This was not Reitzlake, where many woke only when evening began. Here, the leaves brushing against the earthen roads was all the cacophony to disturb the slumbering of its people–as well as the footsteps of a princess and a clockwork doll, fresh from a successful venture through fire and ice.

As Coppelia and I walked through the streets of this perpetually disappointing town, we were greeted by the dimming of windows and the closing of shutters. Lanterns and candles burned out in respect of my coming.

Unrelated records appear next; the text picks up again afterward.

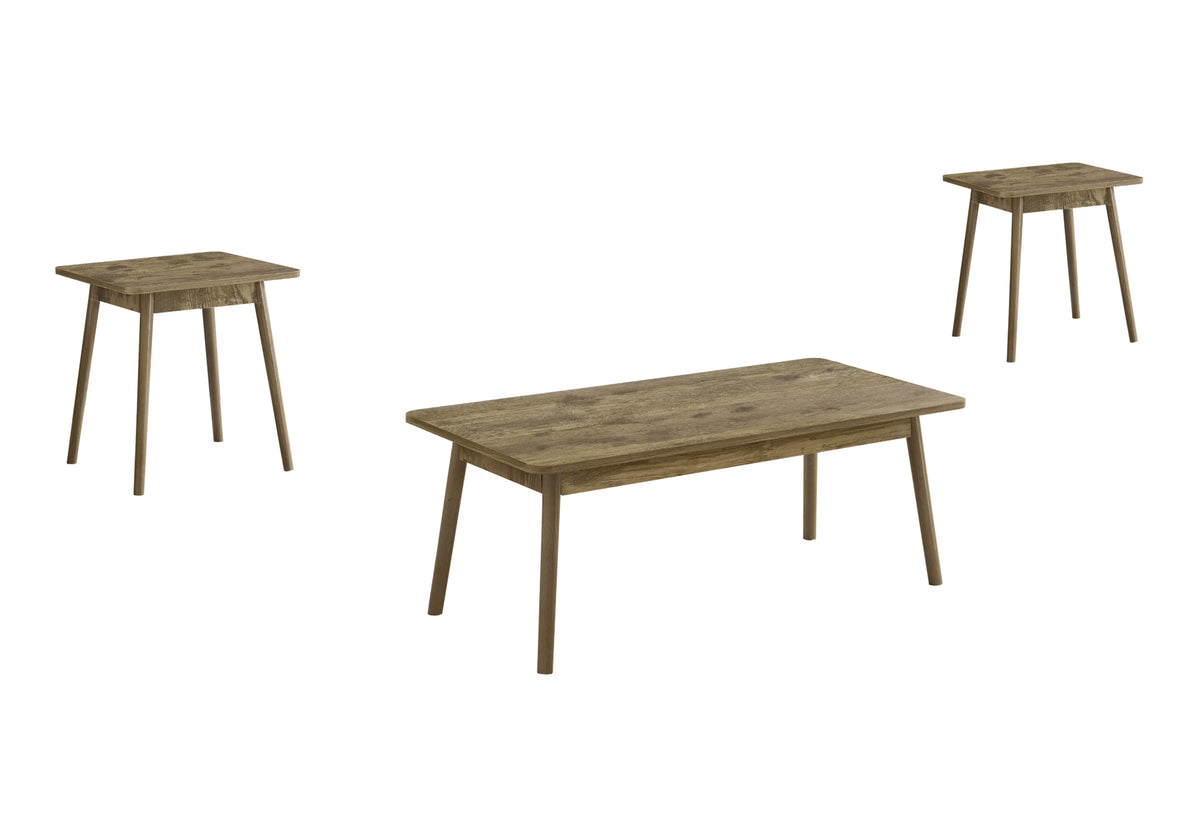 Nara Light Brown Table Set (Set of 3) | Ortholuxe Home - Photo 2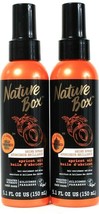 2 Ct Nature Box 5.1 Oz Apricot Oil 100% Cold Pressed Nourishing Oil Shine Spray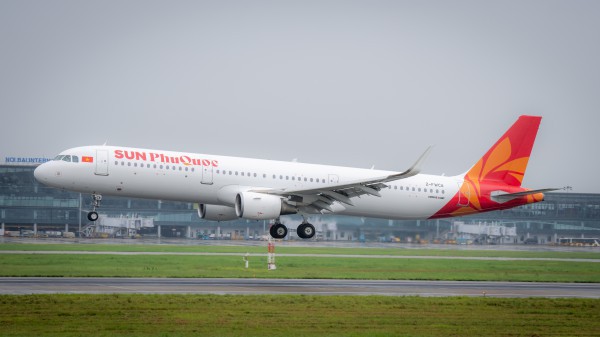 Sun PhuQuoc Airways đón cùng lúc 2 tàu Airbus A321CEO, 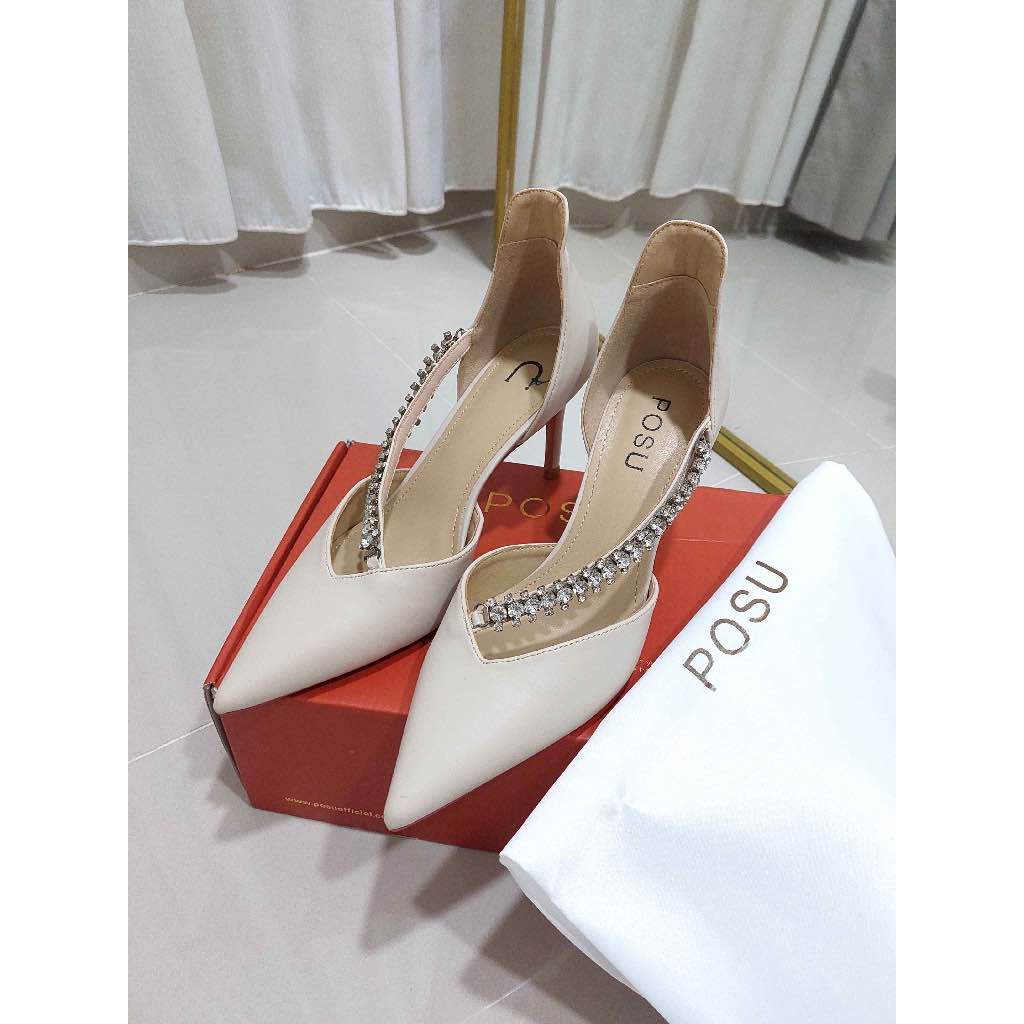 [PRELOVED BNIB] POSU - Bejeweled Heels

Whatever light that was required, my radiance would provide as I passed.

Only the pale moonlight existed alongside my brilliance.

It shone between scatterings of clouds, and yet even its light only sought to reflect the path ahead of me. Twigs, holes and stones were illuminated with the disdain they deserved, ensuring that I strolled as purposefully at night as I did in day.

Because I was a princess.

And here in my kingdom, even the moon sought to earn my good graces.

If only my bottomless pouch felt the same.

“Huh, weird,” said Coppelia, sharing my sentiments as she peeked at the pouch in my hands. “I didn't know magic pouches could get smaller. I thought they stayed the same size.”

I let out a quiet groan.

Of course, of all the enchanted bags in the world, I'd have the only one which showed when it was in danger of becoming empty.

I weighed my bottomless pouch in my hands, even though I could feel little in the sense of weight at all. Because within this was the final dregs of my first earnings.

30 gold crowns.

It was, in many respects, a monumental moment in my life as a princess of the people. 30 gold crowns earned by the blood and sweat of a house that was now missing a wall, and a dryad that was now being used as an ingredient for either an alchemist's concoction or an experimental entrée.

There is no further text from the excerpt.